A conveyor belt carries supplies from the first floor to the second floor, which is 12 feet higher. The belt makes a 60° angle with the ground. How far do the supplies travel from one end of the conveyor belt to the other? If the belt moves at 80 ft / min how long does it take the supplies to move to the second floor to the nearest tenth of a minute.

We can use trigonometry to solve this problem.
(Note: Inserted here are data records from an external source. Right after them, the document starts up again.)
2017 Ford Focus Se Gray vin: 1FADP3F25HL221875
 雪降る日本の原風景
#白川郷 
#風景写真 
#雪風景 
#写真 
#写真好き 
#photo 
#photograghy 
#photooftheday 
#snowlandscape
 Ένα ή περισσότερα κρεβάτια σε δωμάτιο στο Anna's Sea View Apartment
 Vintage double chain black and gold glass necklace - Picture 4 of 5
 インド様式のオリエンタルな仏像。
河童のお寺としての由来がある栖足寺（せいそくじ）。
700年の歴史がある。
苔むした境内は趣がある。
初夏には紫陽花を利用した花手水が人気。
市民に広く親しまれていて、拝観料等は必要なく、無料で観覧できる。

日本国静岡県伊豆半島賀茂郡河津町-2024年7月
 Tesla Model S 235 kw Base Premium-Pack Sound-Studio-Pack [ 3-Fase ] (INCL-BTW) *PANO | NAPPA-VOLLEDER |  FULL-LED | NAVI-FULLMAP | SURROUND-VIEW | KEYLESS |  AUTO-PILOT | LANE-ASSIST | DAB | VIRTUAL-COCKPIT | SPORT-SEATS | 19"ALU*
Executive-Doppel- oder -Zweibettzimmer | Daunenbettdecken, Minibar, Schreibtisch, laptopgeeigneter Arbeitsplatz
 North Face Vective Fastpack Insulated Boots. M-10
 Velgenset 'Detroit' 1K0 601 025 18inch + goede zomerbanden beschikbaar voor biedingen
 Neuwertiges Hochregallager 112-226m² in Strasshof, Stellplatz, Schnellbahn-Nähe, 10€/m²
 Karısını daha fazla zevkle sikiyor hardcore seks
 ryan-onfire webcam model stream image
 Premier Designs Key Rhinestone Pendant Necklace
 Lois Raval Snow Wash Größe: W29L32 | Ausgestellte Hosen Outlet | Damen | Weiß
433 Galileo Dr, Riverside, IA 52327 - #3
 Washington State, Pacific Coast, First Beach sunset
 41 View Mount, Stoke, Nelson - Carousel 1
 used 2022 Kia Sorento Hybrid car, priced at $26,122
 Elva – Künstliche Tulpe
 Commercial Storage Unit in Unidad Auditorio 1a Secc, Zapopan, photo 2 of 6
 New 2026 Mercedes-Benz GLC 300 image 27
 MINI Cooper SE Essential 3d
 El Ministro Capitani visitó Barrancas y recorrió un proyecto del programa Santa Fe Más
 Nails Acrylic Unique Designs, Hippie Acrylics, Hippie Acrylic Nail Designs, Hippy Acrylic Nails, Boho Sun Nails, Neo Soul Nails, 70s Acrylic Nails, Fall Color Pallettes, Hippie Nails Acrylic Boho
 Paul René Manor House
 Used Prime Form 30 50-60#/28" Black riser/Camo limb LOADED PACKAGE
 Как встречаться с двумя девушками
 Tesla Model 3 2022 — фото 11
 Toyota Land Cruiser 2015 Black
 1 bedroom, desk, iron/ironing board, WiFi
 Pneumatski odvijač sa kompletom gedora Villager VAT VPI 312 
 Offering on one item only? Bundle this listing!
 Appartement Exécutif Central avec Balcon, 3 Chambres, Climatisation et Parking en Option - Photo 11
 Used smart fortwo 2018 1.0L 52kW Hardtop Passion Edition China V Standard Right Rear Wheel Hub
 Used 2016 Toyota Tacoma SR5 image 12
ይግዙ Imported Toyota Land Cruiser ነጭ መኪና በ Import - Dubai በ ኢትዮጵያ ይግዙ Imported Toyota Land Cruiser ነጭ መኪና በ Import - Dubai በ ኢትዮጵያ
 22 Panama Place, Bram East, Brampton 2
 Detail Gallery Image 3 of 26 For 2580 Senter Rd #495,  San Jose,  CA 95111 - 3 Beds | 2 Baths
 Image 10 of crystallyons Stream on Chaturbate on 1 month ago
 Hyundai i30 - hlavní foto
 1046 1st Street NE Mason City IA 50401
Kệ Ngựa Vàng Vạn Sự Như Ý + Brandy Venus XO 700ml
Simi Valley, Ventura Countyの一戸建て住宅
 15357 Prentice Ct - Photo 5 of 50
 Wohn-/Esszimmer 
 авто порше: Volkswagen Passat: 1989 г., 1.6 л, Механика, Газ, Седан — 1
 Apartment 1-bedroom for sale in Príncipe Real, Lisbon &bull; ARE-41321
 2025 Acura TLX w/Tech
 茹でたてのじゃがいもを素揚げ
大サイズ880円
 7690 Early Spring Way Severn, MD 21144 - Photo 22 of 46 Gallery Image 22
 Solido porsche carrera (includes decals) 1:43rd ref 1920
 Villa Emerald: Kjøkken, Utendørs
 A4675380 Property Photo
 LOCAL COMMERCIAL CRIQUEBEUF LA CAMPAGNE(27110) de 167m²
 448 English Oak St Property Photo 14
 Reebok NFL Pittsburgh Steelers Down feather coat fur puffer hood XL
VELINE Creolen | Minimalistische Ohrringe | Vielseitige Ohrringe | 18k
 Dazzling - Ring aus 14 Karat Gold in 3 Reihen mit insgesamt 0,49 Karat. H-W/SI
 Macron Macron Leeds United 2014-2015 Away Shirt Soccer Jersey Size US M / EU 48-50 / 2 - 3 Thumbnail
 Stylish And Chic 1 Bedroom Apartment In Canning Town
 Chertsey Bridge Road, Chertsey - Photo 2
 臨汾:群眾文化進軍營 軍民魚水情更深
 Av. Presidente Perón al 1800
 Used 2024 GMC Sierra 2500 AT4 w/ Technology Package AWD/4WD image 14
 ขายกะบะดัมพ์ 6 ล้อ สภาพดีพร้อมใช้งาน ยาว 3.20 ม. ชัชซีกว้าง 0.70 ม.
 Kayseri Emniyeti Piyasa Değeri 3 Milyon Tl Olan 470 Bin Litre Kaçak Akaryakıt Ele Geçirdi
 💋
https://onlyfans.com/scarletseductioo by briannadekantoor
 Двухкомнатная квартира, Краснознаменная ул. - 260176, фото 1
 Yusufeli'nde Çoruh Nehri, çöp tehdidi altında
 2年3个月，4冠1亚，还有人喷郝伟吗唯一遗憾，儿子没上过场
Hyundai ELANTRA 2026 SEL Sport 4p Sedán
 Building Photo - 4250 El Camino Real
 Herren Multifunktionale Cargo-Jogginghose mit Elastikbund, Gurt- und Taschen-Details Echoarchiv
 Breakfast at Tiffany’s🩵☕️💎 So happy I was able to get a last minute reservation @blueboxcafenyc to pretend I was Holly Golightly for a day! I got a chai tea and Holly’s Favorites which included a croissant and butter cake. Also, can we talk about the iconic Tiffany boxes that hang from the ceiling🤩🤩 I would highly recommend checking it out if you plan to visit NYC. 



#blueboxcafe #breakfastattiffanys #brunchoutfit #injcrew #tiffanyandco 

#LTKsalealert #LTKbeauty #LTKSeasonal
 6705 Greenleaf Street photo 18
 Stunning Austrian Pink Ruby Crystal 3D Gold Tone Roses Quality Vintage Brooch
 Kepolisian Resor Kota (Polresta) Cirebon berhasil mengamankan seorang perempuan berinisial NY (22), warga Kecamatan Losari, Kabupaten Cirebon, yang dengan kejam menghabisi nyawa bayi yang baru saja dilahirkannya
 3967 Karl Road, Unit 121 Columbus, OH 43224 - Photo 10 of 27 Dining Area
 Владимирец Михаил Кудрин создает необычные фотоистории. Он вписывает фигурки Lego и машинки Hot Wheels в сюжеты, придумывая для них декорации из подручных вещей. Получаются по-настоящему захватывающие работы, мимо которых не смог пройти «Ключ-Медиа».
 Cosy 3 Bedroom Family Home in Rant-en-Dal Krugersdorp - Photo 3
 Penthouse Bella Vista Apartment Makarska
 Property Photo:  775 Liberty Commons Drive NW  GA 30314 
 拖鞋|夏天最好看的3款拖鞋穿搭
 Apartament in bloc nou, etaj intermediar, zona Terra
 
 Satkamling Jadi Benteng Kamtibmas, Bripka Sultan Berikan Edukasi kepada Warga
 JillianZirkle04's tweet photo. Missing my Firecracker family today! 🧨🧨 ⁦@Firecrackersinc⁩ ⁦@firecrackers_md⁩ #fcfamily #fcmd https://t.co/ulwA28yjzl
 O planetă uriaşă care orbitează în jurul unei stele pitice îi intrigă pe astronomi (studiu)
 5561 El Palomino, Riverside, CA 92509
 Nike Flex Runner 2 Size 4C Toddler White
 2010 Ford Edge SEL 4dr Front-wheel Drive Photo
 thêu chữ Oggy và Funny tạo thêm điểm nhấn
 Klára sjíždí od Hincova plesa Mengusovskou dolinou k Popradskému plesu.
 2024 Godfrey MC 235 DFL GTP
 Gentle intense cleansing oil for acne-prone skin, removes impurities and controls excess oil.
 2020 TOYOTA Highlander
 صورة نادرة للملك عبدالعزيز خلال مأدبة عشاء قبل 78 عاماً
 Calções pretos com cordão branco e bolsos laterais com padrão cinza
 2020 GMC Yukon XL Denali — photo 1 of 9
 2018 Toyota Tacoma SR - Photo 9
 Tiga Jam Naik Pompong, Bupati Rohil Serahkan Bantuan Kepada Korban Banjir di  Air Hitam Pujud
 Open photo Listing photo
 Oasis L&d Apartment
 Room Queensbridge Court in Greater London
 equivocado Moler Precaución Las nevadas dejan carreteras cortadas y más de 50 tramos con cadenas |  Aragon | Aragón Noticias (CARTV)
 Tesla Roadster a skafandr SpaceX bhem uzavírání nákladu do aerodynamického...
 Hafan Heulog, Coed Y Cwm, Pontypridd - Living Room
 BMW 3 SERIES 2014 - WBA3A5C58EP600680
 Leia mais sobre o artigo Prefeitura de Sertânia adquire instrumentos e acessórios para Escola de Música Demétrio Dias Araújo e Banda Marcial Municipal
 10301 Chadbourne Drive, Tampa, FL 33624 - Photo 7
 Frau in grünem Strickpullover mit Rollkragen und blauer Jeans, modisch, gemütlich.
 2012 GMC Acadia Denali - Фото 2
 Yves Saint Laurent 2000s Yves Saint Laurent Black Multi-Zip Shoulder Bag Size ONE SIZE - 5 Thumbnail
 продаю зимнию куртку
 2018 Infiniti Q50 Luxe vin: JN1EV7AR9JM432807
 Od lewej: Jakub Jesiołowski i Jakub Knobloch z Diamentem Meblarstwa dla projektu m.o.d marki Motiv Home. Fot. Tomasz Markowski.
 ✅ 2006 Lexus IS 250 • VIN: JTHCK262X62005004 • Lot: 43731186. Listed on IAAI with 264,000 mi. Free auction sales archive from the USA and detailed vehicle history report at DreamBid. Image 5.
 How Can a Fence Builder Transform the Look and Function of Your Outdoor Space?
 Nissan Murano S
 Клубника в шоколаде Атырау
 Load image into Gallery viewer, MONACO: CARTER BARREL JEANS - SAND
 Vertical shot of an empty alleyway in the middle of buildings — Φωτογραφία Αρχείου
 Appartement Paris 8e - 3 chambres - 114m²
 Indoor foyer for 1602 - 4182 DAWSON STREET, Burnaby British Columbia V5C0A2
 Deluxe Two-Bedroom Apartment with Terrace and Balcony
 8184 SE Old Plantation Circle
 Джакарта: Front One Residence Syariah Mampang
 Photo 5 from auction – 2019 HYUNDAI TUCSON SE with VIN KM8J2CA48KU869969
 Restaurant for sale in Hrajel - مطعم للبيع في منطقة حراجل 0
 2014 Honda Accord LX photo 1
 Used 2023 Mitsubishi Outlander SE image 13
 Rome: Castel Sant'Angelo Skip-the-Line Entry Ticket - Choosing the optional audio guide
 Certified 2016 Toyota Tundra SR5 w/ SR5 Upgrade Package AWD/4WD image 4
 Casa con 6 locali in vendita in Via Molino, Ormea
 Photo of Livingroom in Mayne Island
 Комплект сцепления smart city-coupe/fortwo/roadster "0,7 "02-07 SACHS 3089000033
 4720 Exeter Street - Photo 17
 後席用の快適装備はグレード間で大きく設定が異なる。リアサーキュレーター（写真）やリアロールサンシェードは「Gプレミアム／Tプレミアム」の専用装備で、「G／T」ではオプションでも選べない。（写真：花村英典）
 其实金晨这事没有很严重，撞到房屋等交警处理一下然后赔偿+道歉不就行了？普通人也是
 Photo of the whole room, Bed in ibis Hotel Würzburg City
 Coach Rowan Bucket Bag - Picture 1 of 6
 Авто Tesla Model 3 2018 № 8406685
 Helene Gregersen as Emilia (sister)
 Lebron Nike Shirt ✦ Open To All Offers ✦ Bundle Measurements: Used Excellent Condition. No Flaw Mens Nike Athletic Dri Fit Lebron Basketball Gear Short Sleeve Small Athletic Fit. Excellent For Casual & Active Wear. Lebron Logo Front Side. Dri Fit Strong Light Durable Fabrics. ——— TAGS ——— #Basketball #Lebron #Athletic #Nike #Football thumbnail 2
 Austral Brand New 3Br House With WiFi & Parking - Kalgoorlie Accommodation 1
Let's call the distance the supplies travel "x". Then we can set up a right triangle with the conveyor belt as the hypotenuse, and the ground and the vertical height of the second floor as the legs:

[asy]
pair A=(0,0), B=(43.3,25), C=(43.3,0);
draw(A--B--C--cycle);
draw(rightanglemark(A,C,B,60));
label("60°",C+(1,0));
label("$x$ ft",B/2);
label("12 ft",B-C/2);
label("$h$ ft",C/2);
[/asy]

Using the angle and the vertical leg, we can find the length of the hypotenuse:

$$\sin 60^\circ = \frac{h}{x} \quad \Rightarrow \quad x = \frac{h}{\sin 60^\circ} = \frac{12}{\sqrt{3}/2} = 24\sqrt{3} \approx 41.6 \text{ ft}$$

So the supplies travel about 41.6 feet from one end of the conveyor belt to the other. To find how long it takes for the supplies to move to the second floor, we can divide the distance by the speed of the belt:

$$\frac{41.6 \text{ ft}}{80 \text{ ft/min}} \approx 0.52 \text{ min} \approx 0.5\text{ min}$$

So the answer is (C) 42 ft ; 0.5 min.